Imp. Nouvelle (assoc. ouvrière), 11, rue Cadet. (p. 79-82).

XIV

De la rue aux planches, et vice-versa.

Il s’agissait de faire dans le monde une rentrée propre et écrasante.

Pour cela il fallait remonter la garde-robe et ramasser quelques bijoux.

Peu importe que les billets de banque soient gras, et de quelles mains sales ils sortent.

Elle reprit du cœur à l’ouvrage, et c’est à peine si elle trouvait quatre ou cinq heures par semaine à accorder à son marchand de beurre, tant elle était occupée.

Entre deux opérations, elle courait chez un directeur, parce que les planches reposent un peu de la rue.

Elle fréquentait les bureaux d’omnibus, elle faisait le Louvre, la Madeleine, et elle avait son numéro d’ordre et son tarif dans certaines hospitalières maisons, tenues par des dames mûres et fort respectables ; elle y séjournait dans les prix doux.

C’était vraiment une vaillante ; elle prenait sur ses heures de sommeil et de table, pour gagner de l’argent.

L’ouvrage ne manquait pas ; une femme remuante en trouve toujours aux détours des rues et le long des boulevards, sauf quand il fait trop froid ou quand il pleut trop fort.

Au théâtre, les jours de mauvais temps sont précisément les meilleurs.

Enfin, elle trouva un engagement dans un théâtre qui n’était qu’une boîte à faillites.

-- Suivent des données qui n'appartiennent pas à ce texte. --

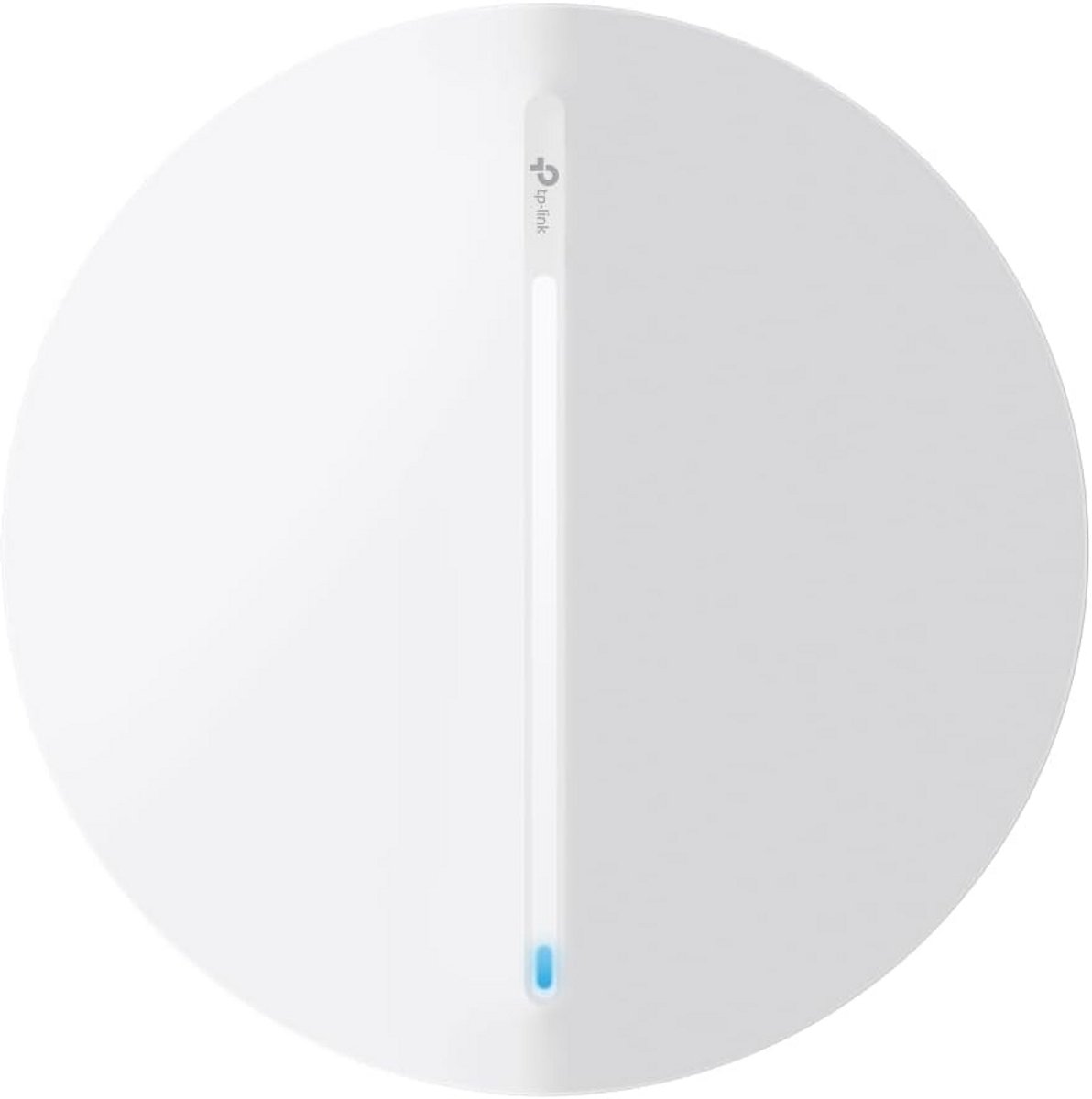 Tri-Band Access Point BE9300 voor Plafondmontage met 2.5 Gigabit PoE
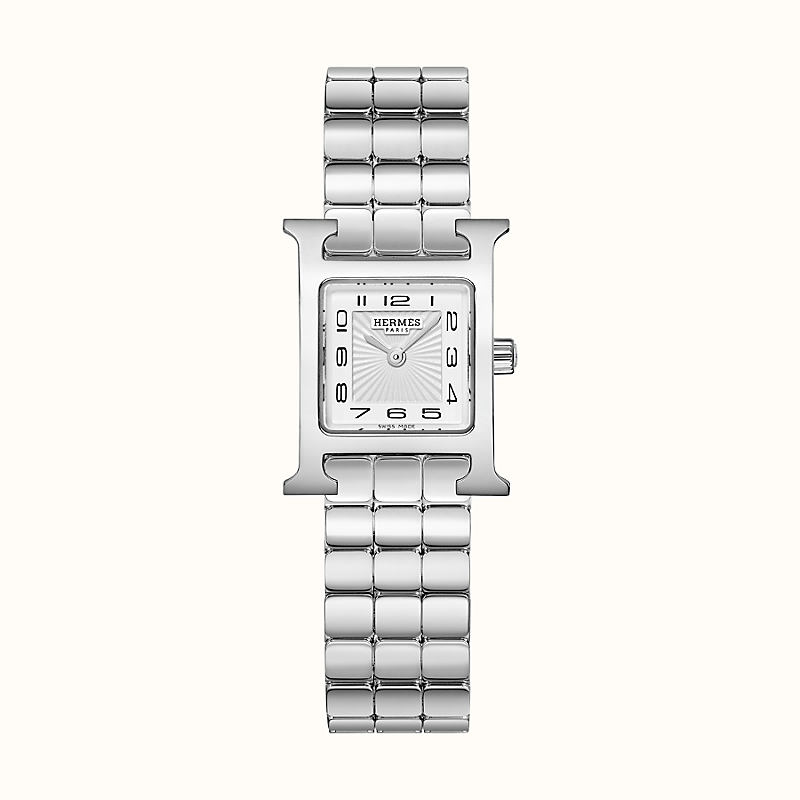Hermès Heure H Mini $27,700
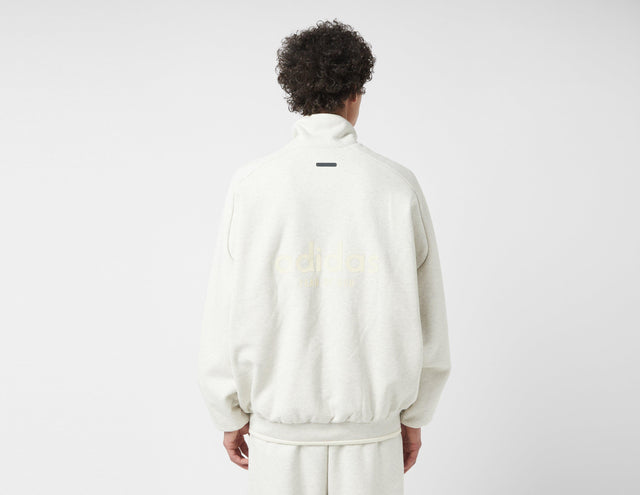 x Fear of God Athletics Heather Track Top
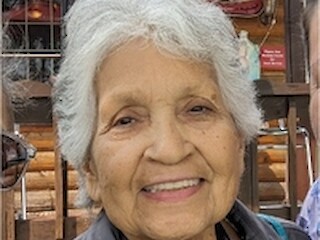 Carolyn J. Isham Obituary
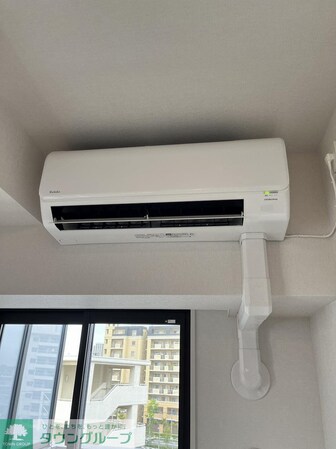 ロイヤルパークス赤羽ノースの物件内観写真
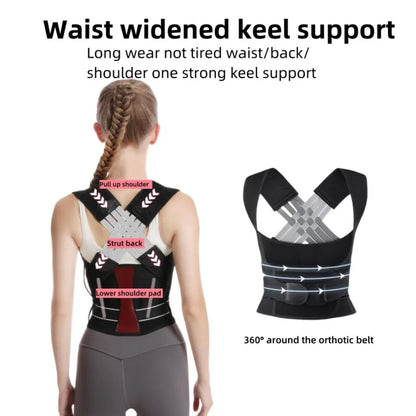 Posture Back Brace - Khronor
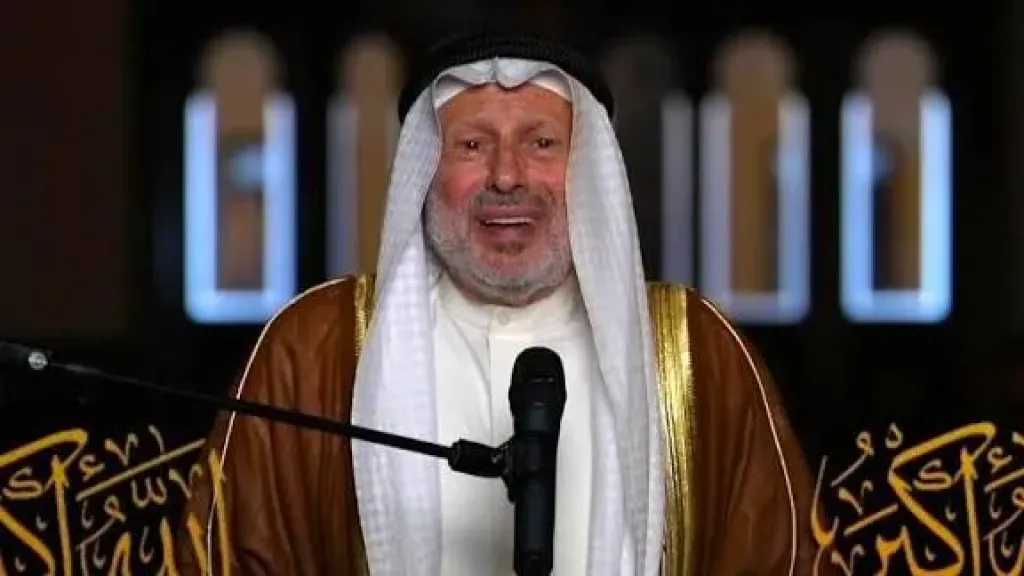 أحمد خضر الطرابلسي بعد سحب جنسيته القصة الكاملة والأسباب الخفية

Marie se montra coulante sur la question des émoluments ; l’important était de ne pas se faire oublier, et d’avoir son nom au bas d’une affiche.

Les colonnes Morris doublent la valeur d’une femme.

Quelle pitoyable grue c’était.

Et encombrante ; paralysant par méchanceté ses camarades en scène, les blessant au foyer et les débinant dehors.

Aux répétitions, elle ne savait quoi inventer pour nuire aux artistes qui jouaient avec elle ; il ne devait y avoir d’effets que pour elle ; lorsque pendant une scène elle sentait qu’un mot devait porter, ou qu’un comédien pouvait être applaudi, elle s’irritait et exigeait un changement.

— « Ça me gêne, criait-elle, ça me gêne, je ne veux pas de ça. »

Chaque fois que dans un théâtre on avait eu la faiblesse de lui laisser prendre un doigt d’autorité, elle opposait son veto à tout ce qui ne lui plaisait pas, et quand elle avait lâché son : « Ça me gêne », il fallait s’incliner sous peine de voir sauter la toiture.

Je ne me donnerai pas la tâche d’analyser la comédienne : c’était la négation absolue de l’art, et c’en était aussi la honte.

Elle disait faux, la physionomie était plate et ridicule, son regard distrait ; quant à sa démarche, elle rappelait son aventure du comte aux 3,000 francs, ce qui ferait supposer que le comte ne fut pas le seul à passer par là.

La chasse à l’homme était au fond ce qui la nourrissait le plus régulièrement ; elle prenait le gibier, sans permis, avec une audace de vieux braconnier, au nez de la gendarmerie, flairant de loin l’étranger de passage, enfin se contentant de recueillir quelque bon pochard égaré plutôt que de rentrer bredouille. Aux boulevards extérieurs, cela s’appelle l’amour au poivrier.

La concierge voulait lui faire donner congé, parce qu’elle faisait de la maison un asile de nuit.

Au théâtre, elle continuait à compromettre les pièces dans lesquelles on avait la faiblesse de lui confier un rôle un peu marquant. On se souviendra toujours des deux vestes formidables qu’elle fit remporter à des auteurs par sa façon grotesque de se démener dans les scènes dramatiques.

Elle fut un instant si ridicule cabotine que cela fît du tort à son commerce de galanterie.